Growth stocks show resilience Seeking alpha
Originally published on May 20, 2024
Year-to-date, stocks have proven resilient in the face of higher interest rates and calmer expectations for monetary easing. Back in February, I suggested several factors that would support stocks, despite rising interest rates. Today I still believe The market could move higher, with the added qualification that growth stocks, which have suffered disproportionately in 2022, could continue to lead. Differences between today and two years ago include lower interest rate hikes and a more moderate economic outlook.
Difference in size
Two years ago, growth stocks were one of the hardest-hit investment styles. Growth stocks are defined as companies that are growing their stock prices, revenues, profits, or cash flows at faster rates than the market as a whole. This made sense since growth, especially “early” growth companies, have more distant cash flows, which in turn are penalized more by High interest rates.

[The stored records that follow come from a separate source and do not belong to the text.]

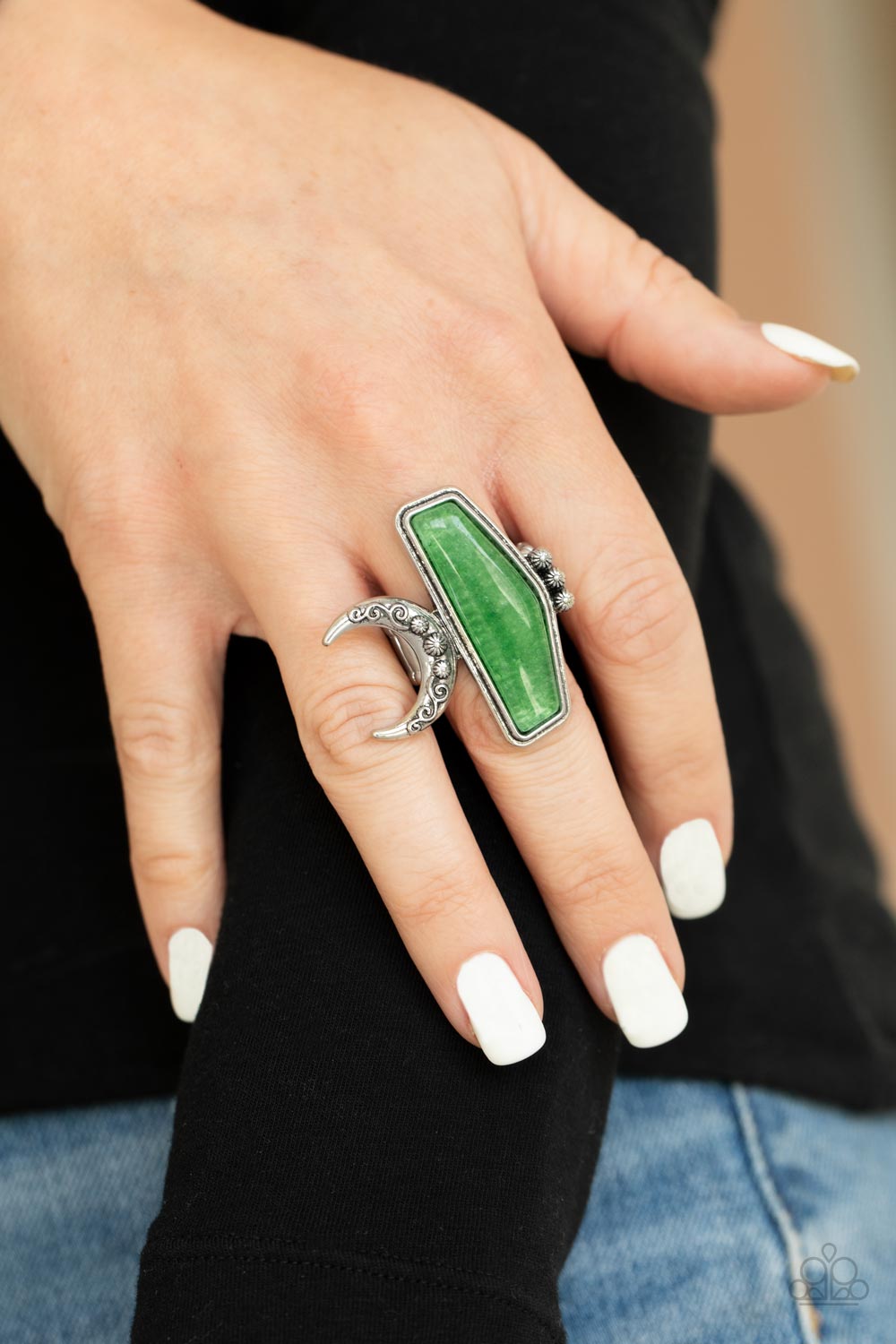 Paparazzi ♥ Cosmic Karma - Green ♥ Ring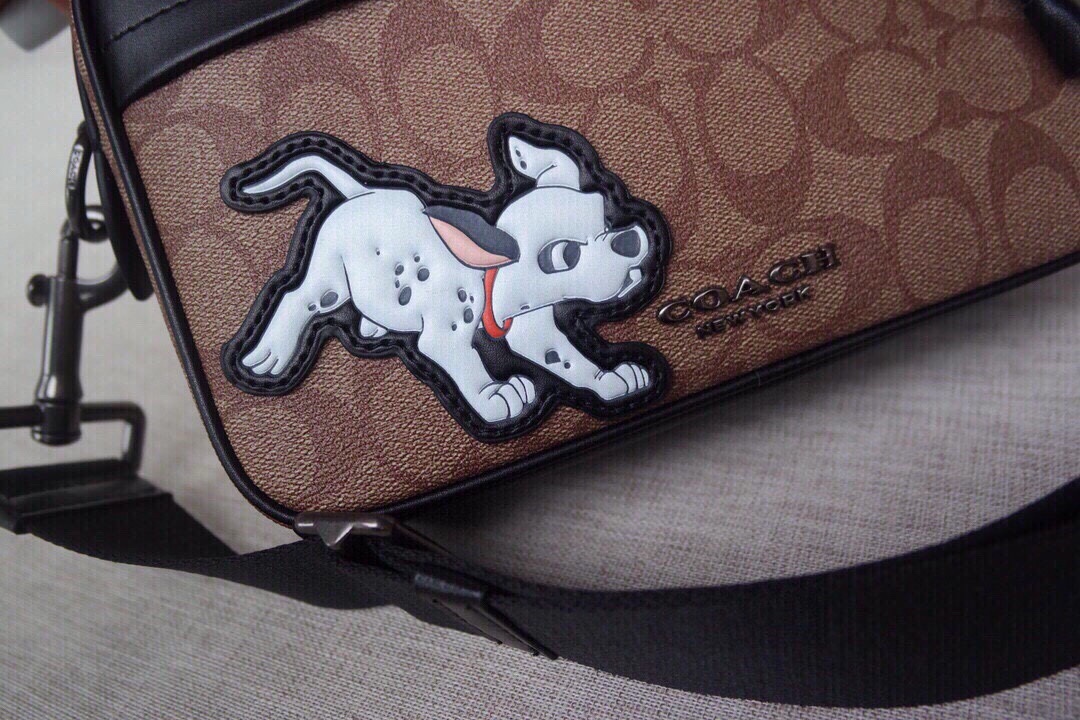 Coach 91498 头层皮 小方包 斑点狗 卡其色男士相机包迪士尼款。尺寸：23/15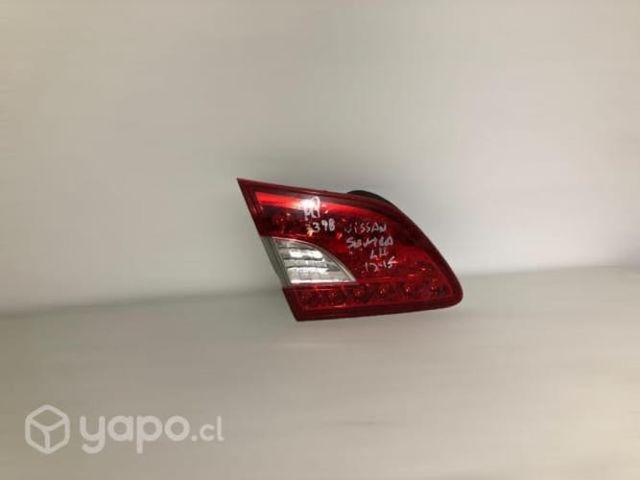 Foco maleta lh nissan sentra 2012-2015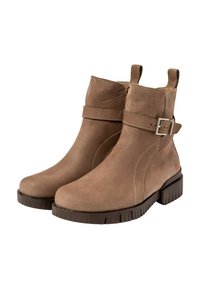 Botas de cuero marrón hasta el tobillo con una textura suave, que presentan un detalle de correa con hebilla y una suela resistente. Pestañas cortas en cada lado.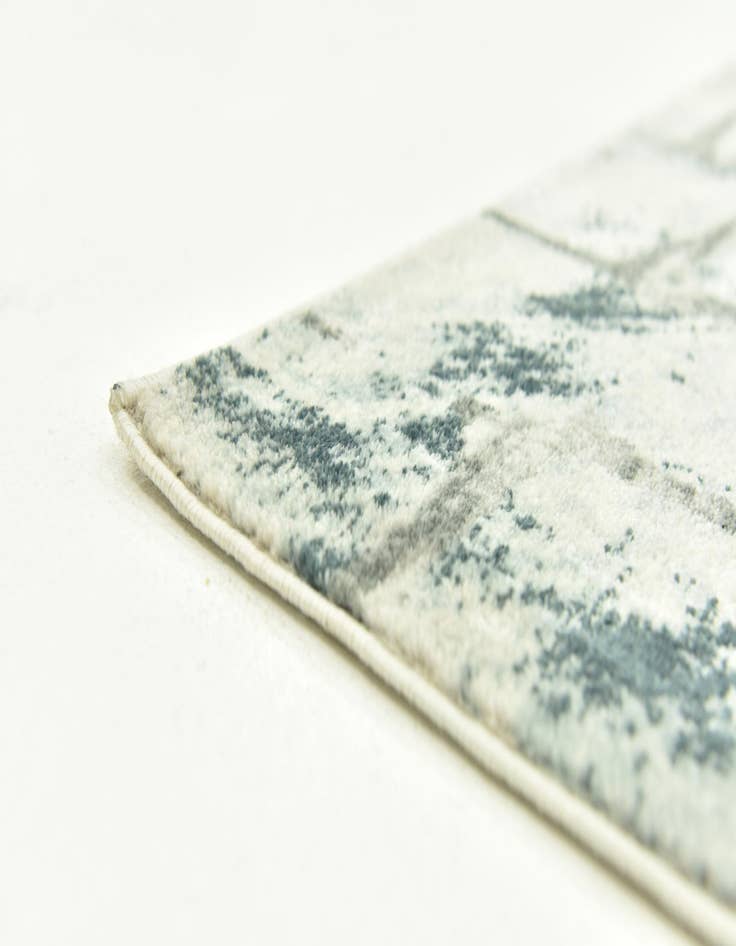 Detail image of 5' 4 x 7' 7 Sydney Rug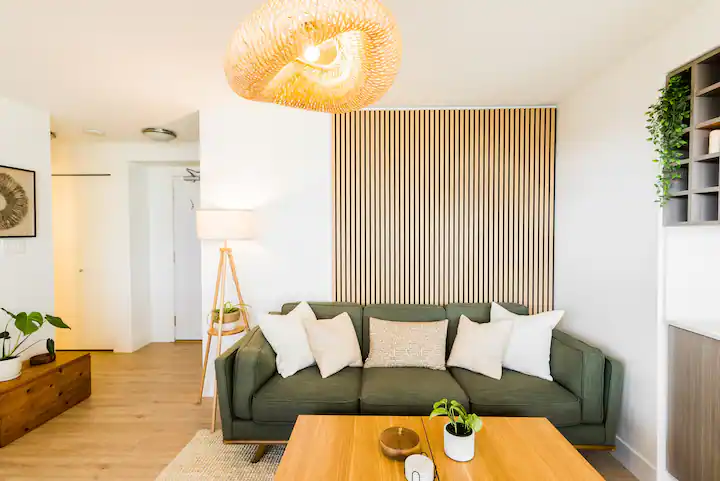 Olympic Village Oasis |Downtown Van |Free Parking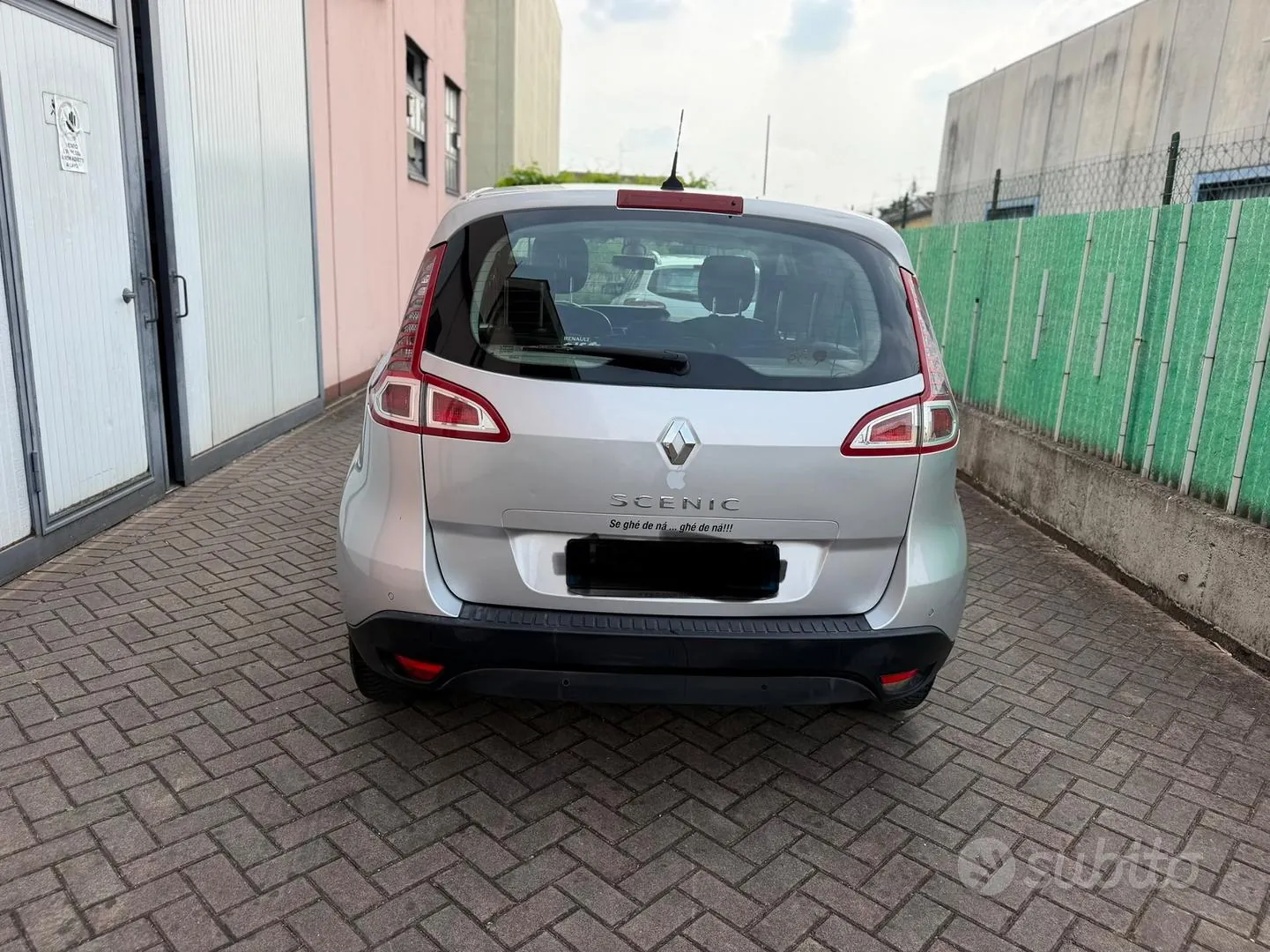 Renault Scenic 2011 photo 5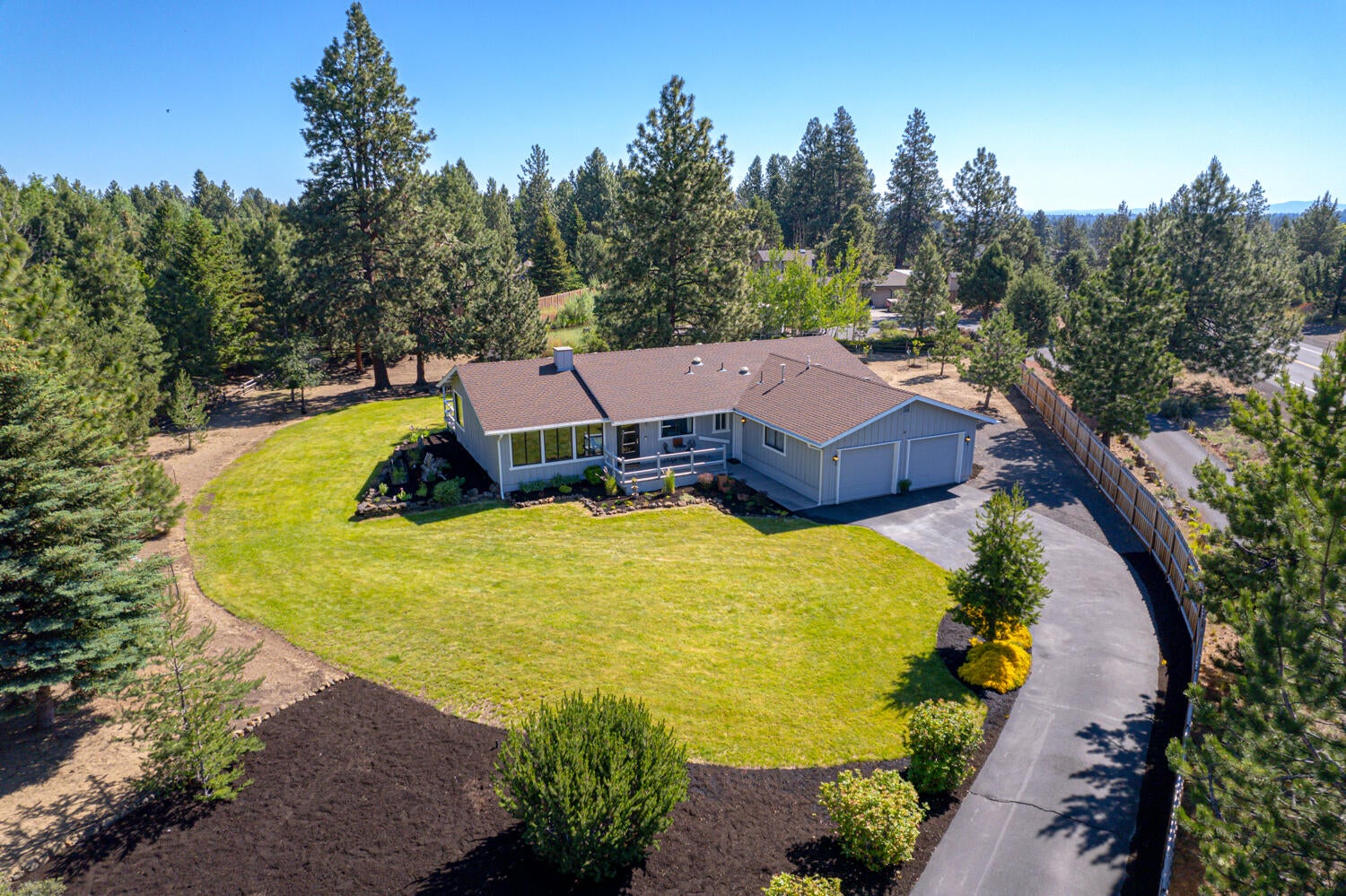60588 Springtree Court Bend, OR 97702 - Photo 5 of 50 60588-163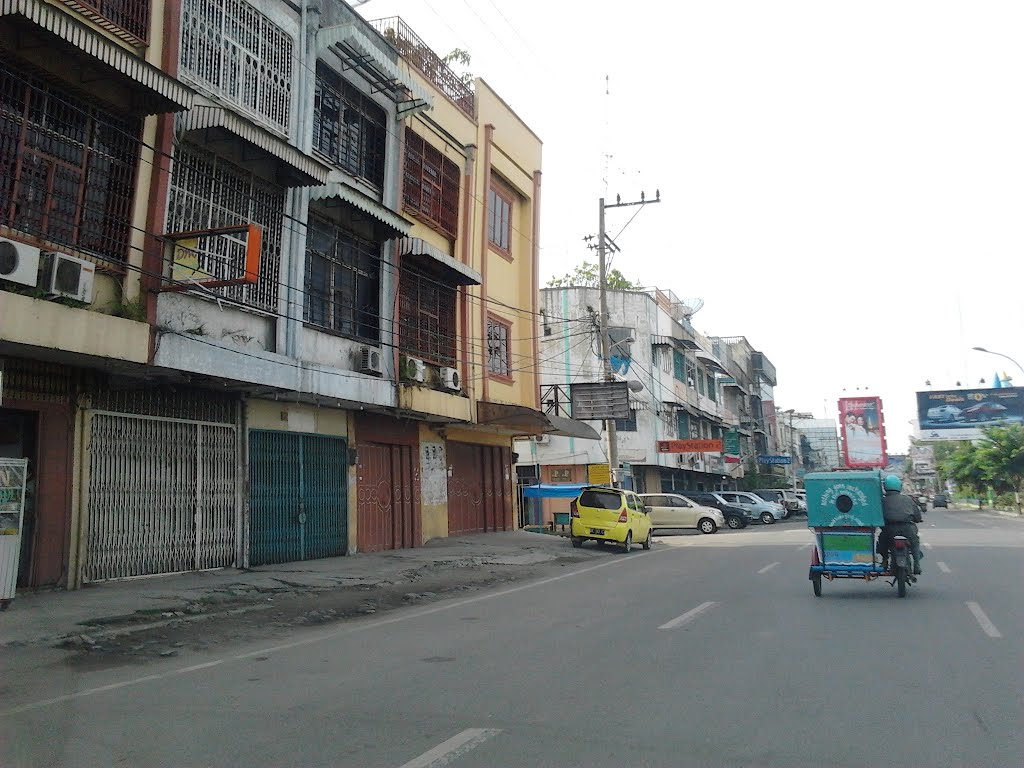 Jl. Thamrin - Medan by Heryanto Sun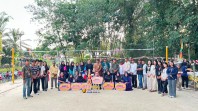 Mahasiswa FISIP Unri Hadir di Tengah Warga, FBN Kelompok 37 Gelar Voli Putri Antar RW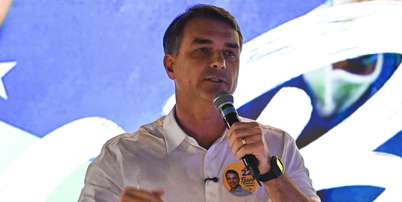O candidato à Presidência da República pelo PL, Flávio Bolsonaro, participa de almoço com prefeitos e vereadores no espaço de eventos Terraço Notiê, localizado no Shopping Light, no centro de São Paulo (SP), na tarde deste domingo, 11 de outubro de 2026 Foto: ROBERTO SUNGI/ATO PRESS/ESTADÃO CONTEÚDO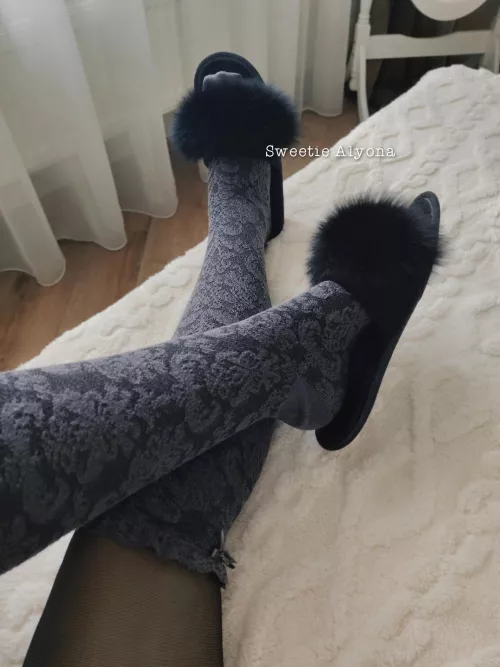 Do you like my slippers?  by SweetieAlyona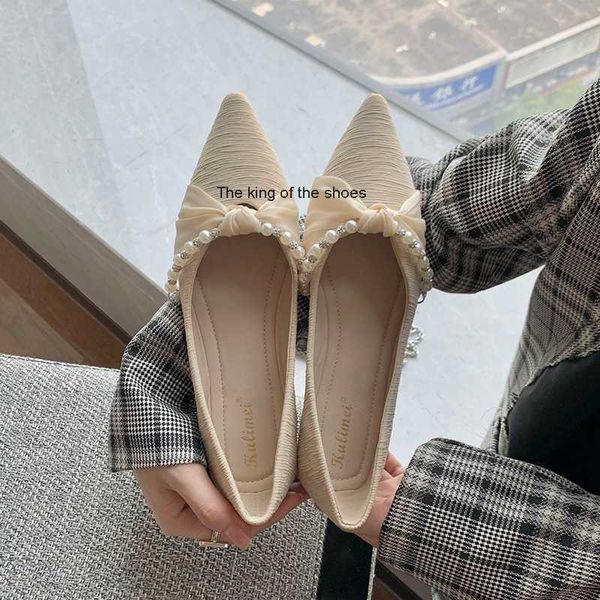 pointed single shoes women's fashion bow beaded flat shoes shallow mouth temperament soft bottom small fragrant ladle shoes bean, Black
pointed single shoes women's fashion bow beaded flat shoes shallow mouth temperament soft bottom small fragrant ladle shoes bean, Black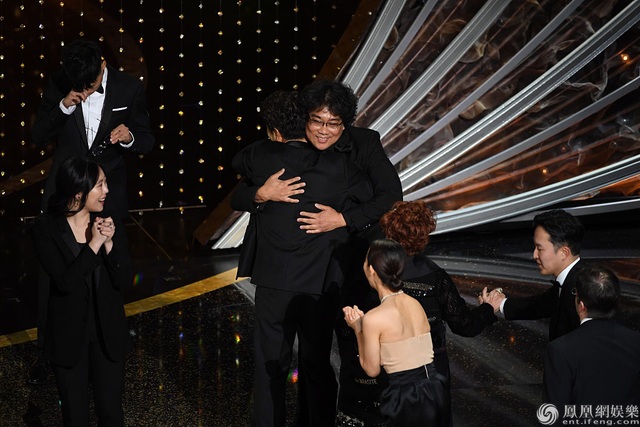 Khoảnh khắc rực rỡ của dàn sao “Ký sinh trùng” trên thảm đỏ Oscar 2020 - 21 Khoảnh khắc rực rỡ của dàn sao “Ký sinh trùng” trên thảm đỏ Oscar 2020 - 21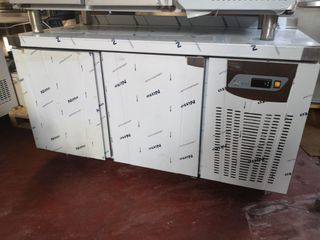 Nevera industrial: Mesa refrigerada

In 2022, the Russell 1000 Growth Index is down nearly 30% versus -20% and -10% returns for the S&P 500 and Russell 1000 Value, respectively. Fortunately, this year proved to be different. The Russell 1000 grew by about 11%, beating the market, as measured by the S&P 500, by about 3% and value, as measured by the Russell 1000 Value Index, by about 6%. What explains the difference?
Initially, this year’s price increase was more contained. Heading into 2022, 10-year bond yields rose, rising from about 1.5% at the start of the year to an October peak of about 4.5%. Interestingly, this increase was not driven by rising inflation expectations, which actually rose in 2021. Instead, the driver was mostly a shift in real, or inflation-adjusted, interest rates. Using the US TIPS market, 10-year real yields have started 2022 in negative territory, at around -1%. By the end of the year, the percentage was more than 1.5%.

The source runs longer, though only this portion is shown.